Restate word for word the lines below from the one that has "Leiligheten disponerer også" through the one that has "Star Shape Felt Ball Centre Mat | Multi Grey", keeping both and dropping all pictures.
[EXTRACTED ENTRIES]
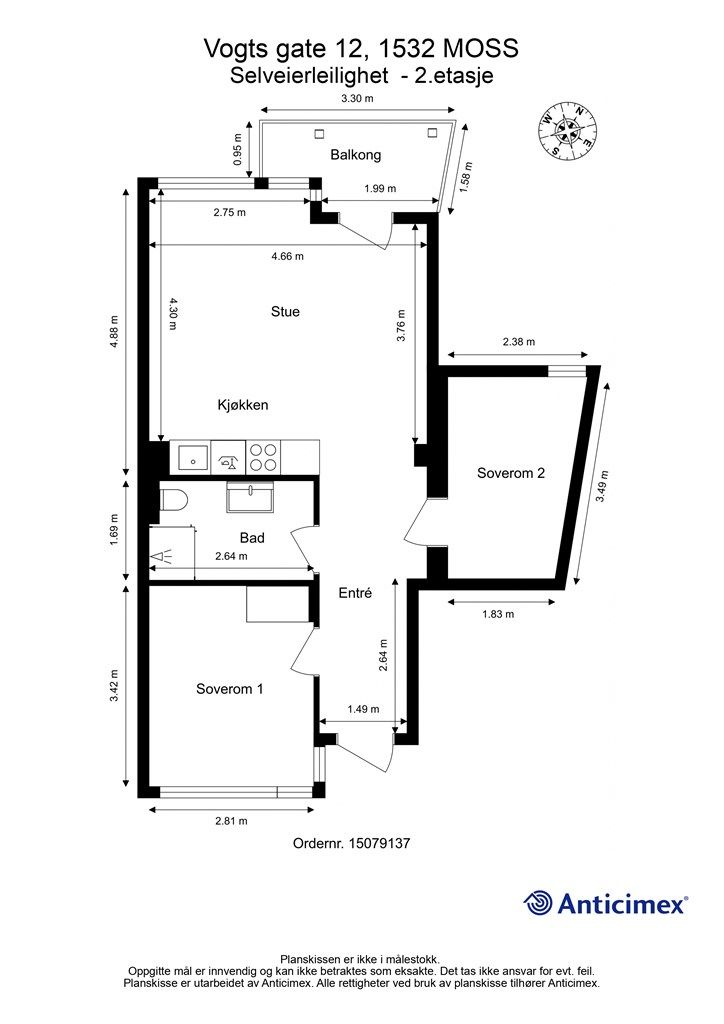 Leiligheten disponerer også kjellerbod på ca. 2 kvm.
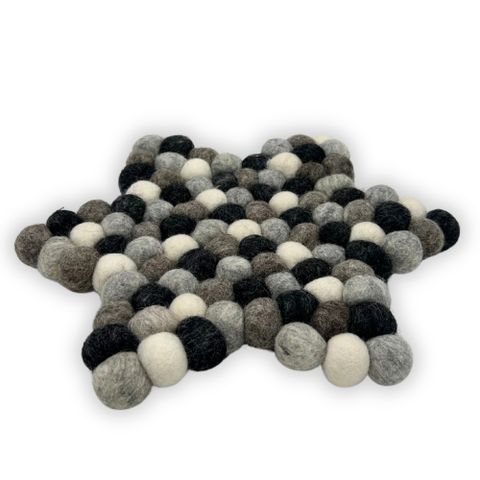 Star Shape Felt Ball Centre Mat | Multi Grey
[/EXTRACTED ENTRIES]
[EXTRACTED ENTRIES]
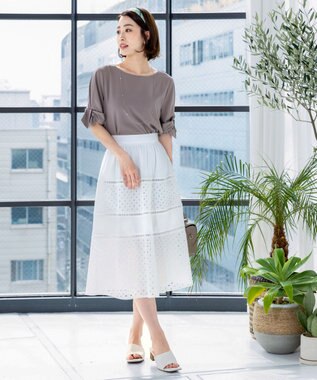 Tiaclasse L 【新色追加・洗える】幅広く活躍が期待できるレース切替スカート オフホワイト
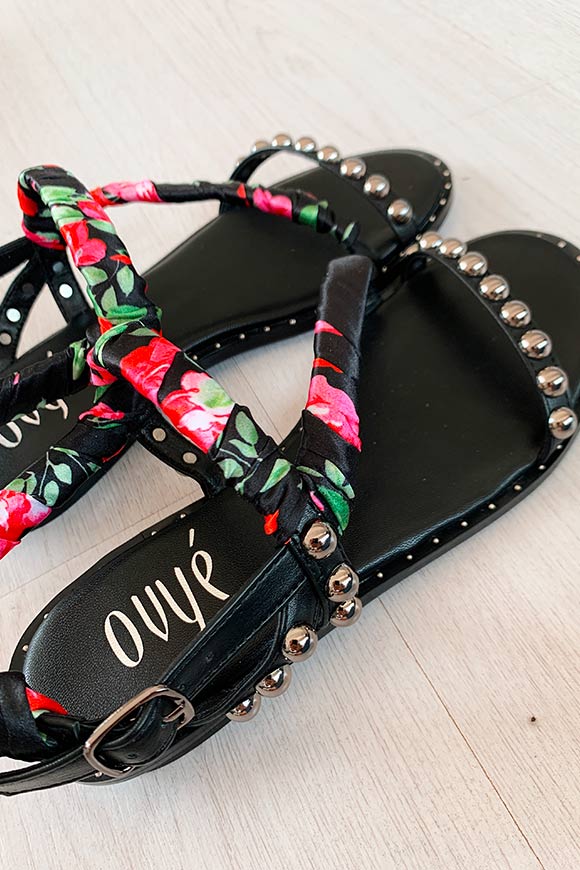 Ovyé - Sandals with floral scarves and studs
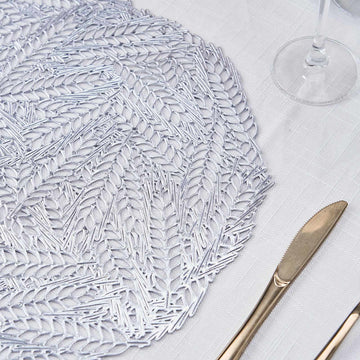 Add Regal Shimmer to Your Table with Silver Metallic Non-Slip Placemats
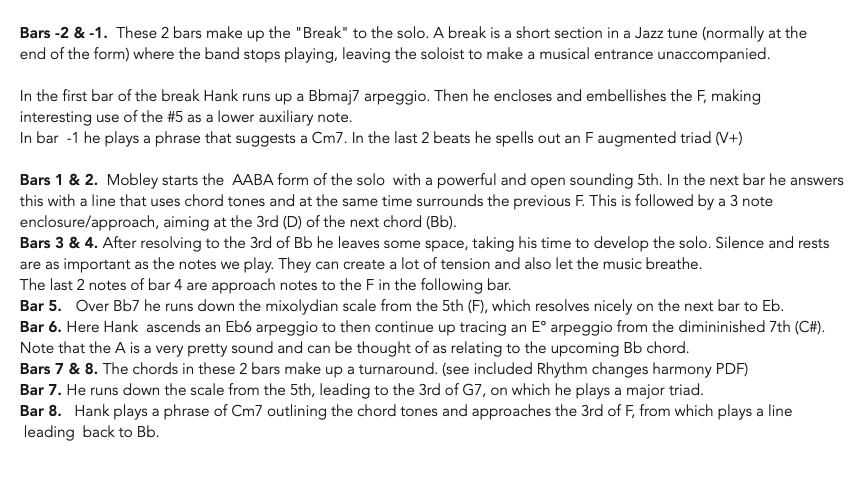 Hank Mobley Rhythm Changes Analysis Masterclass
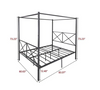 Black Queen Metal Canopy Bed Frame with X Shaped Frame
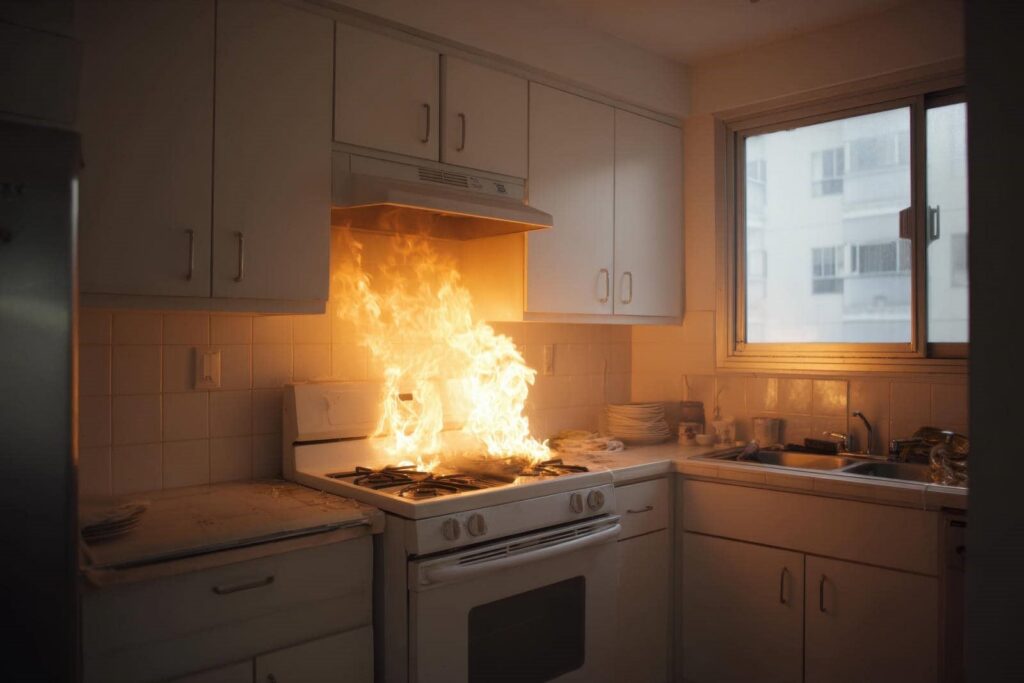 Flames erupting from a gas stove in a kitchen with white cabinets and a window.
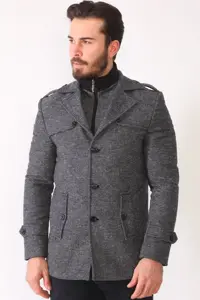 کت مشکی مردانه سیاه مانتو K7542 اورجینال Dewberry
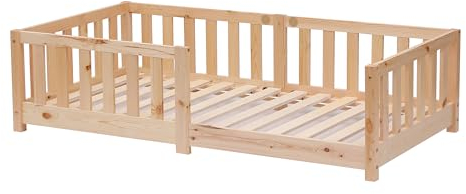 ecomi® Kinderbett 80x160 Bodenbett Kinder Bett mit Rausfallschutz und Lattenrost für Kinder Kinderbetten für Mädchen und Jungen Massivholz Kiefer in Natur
[/EXTRACTED ENTRIES]
**EXERCISE SOLUTION:**
 Leiligheten disponerer også kjellerbod på ca. 2 kvm.
 Star Shape Felt Ball Centre Mat | Multi Grey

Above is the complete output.